=== Begin Enclosure ===

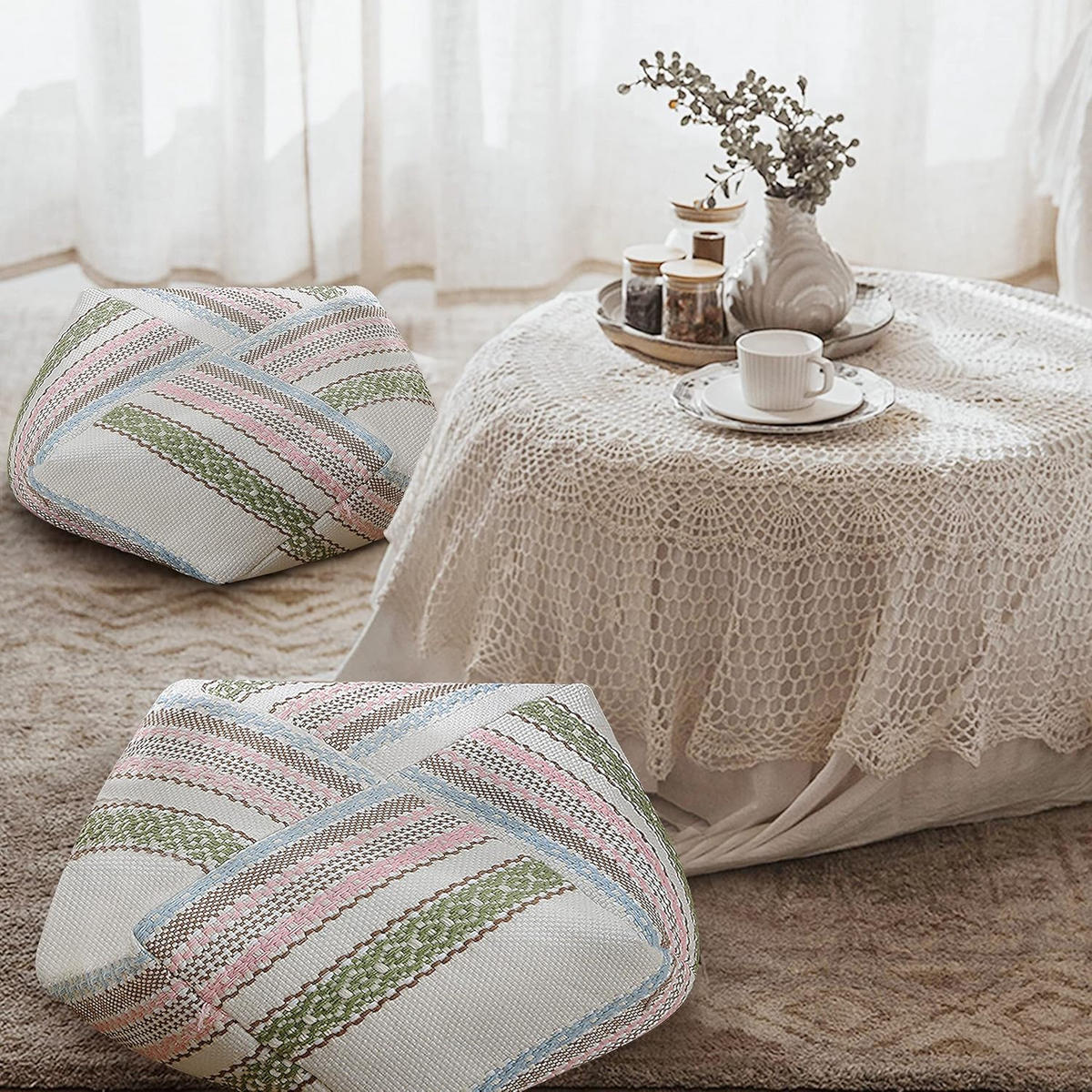 BODENKISSEN-BEZUG Bunte Linien - Multicolor, Textil (53/53/20cm) - Vercart
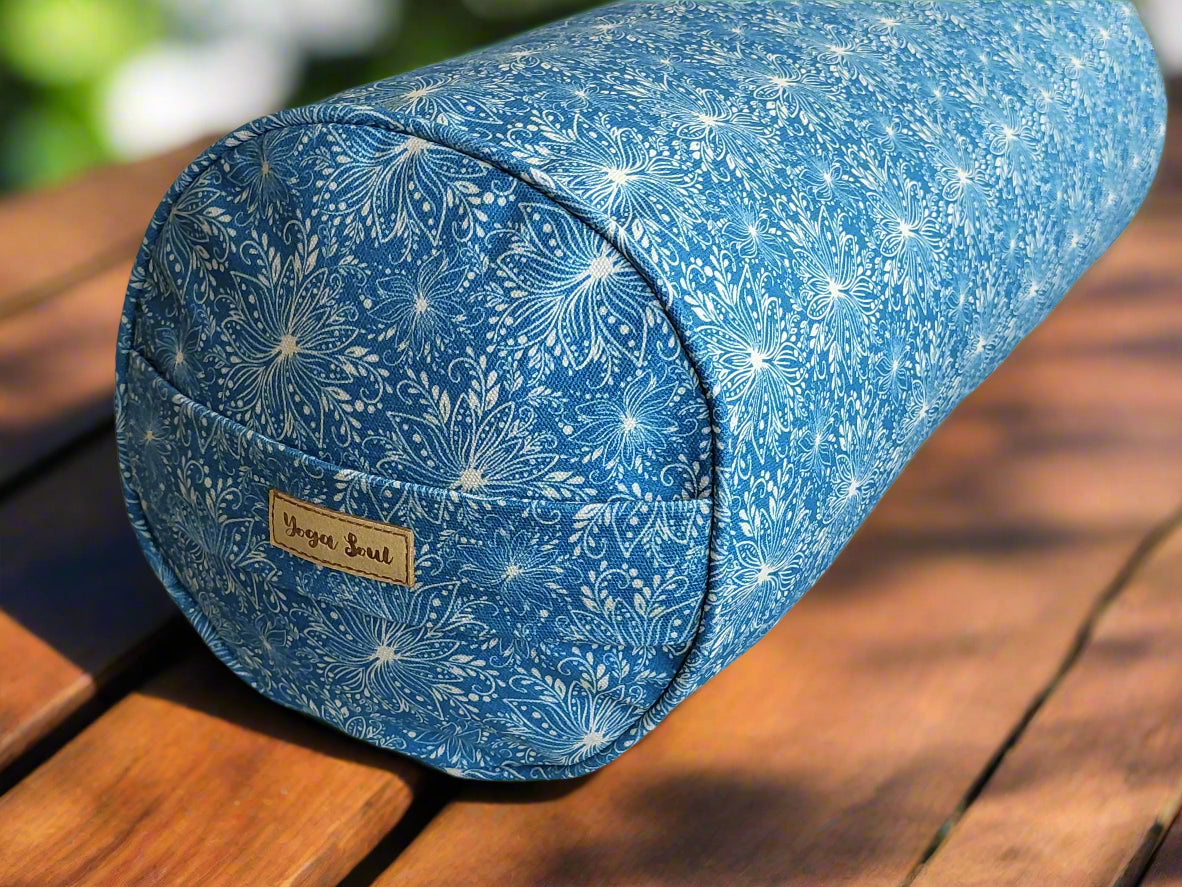 Round Yoga Bolster | Lotus | Indigo Blue - Yoga Soul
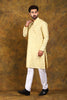 Light Golden Party Wear Embroidery Men's Kurta Pajama Set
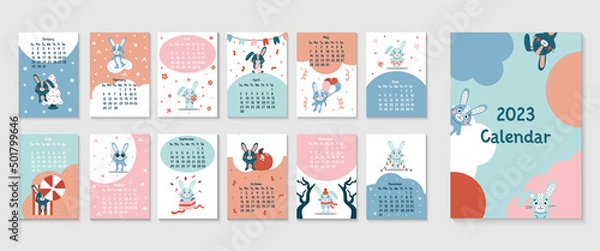 Fototapeta 2023 vertical calendar design with cute rabbits chinese year symbol. 12 month, week start on sunday. Page template size A3, A4, A5. Vector flat illustrtion, great for kids, nursery, poster, printable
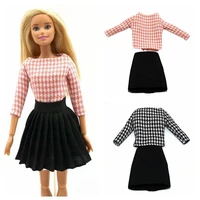 fashion pink black houndstooth 16 bjd clothes for barbie doll clothes outfit long sleeve shirt a line top skirt 16 accessory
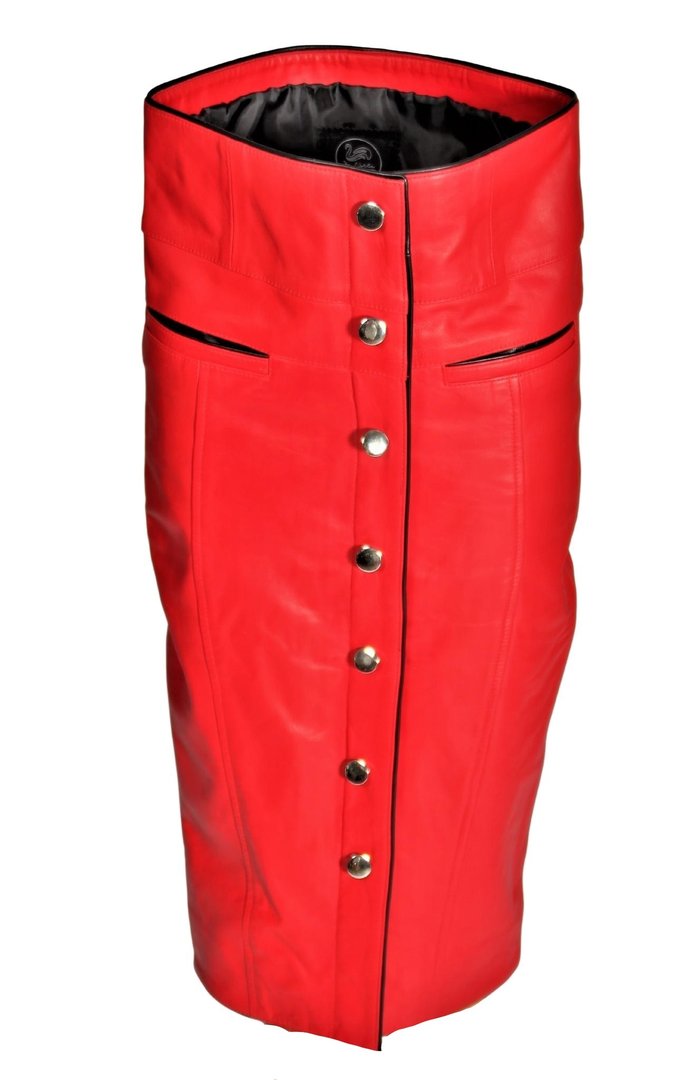 Falda de cuero de largo midi con TAILLE ALTA de CUERO genuino en rojo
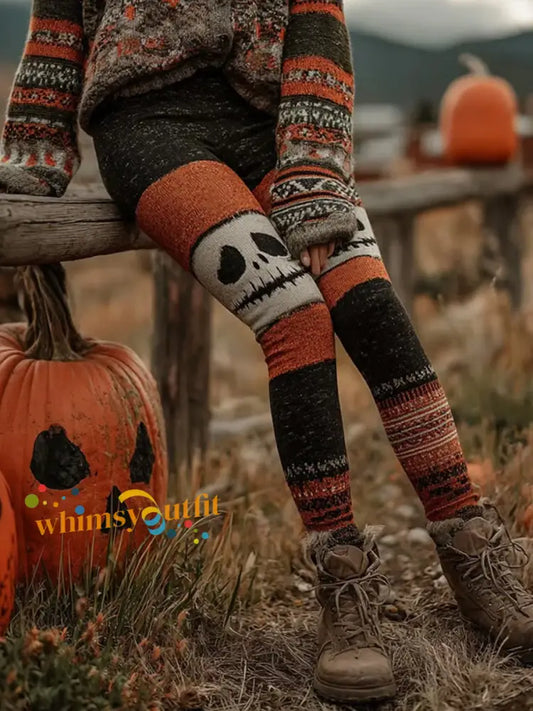 Women’s Halloween Patchwork Print Leggings Pumpkin Orange / S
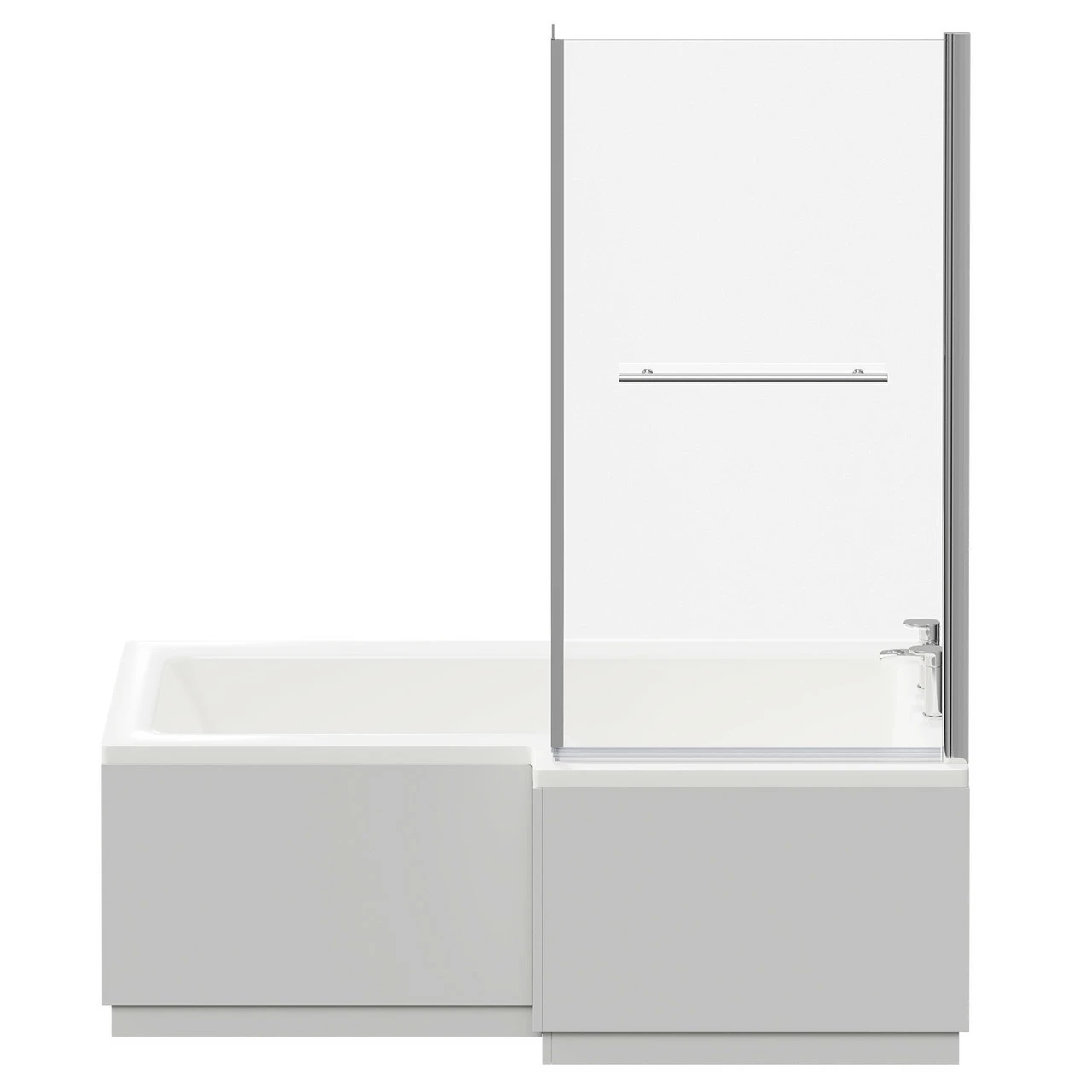 Loire 1700mm Right Hand L Shaped Shower Bath With Towel Rail Bath Screen And Gloss Grey Pearl Front And End Bath Panel - Image 4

=== End Enclosure ===

Exercise requirements.
Reproduce the listing verbatim, pictures excluded.

Exercise solution.
 BODENKISSEN-BEZUG Bunte Linien - Multicolor, Textil (53/53/20cm) - Vercart
 Round Yoga Bolster | Lotus | Indigo Blue - Yoga Soul
 Light Golden Party Wear Embroidery Men's Kurta Pajama Set
 Fototapeta 2023 vertical calendar design with cute rabbits chinese year symbol. 12 month, week start on sunday. Page template size A3, A4, A5. Vector flat illustrtion, great for kids, nursery, poster, printable
 fashion pink black houndstooth 16 bjd clothes for barbie doll clothes outfit long sleeve shirt a line top skirt 16 accessory
 Falda de cuero de largo midi con TAILLE ALTA de CUERO genuino en rojo
 Women’s Halloween Patchwork Print Leggings Pumpkin Orange / S
 Loire 1700mm Right Hand L Shaped Shower Bath With Towel Rail Bath Screen And Gloss Grey Pearl Front And End Bath Panel - Image 4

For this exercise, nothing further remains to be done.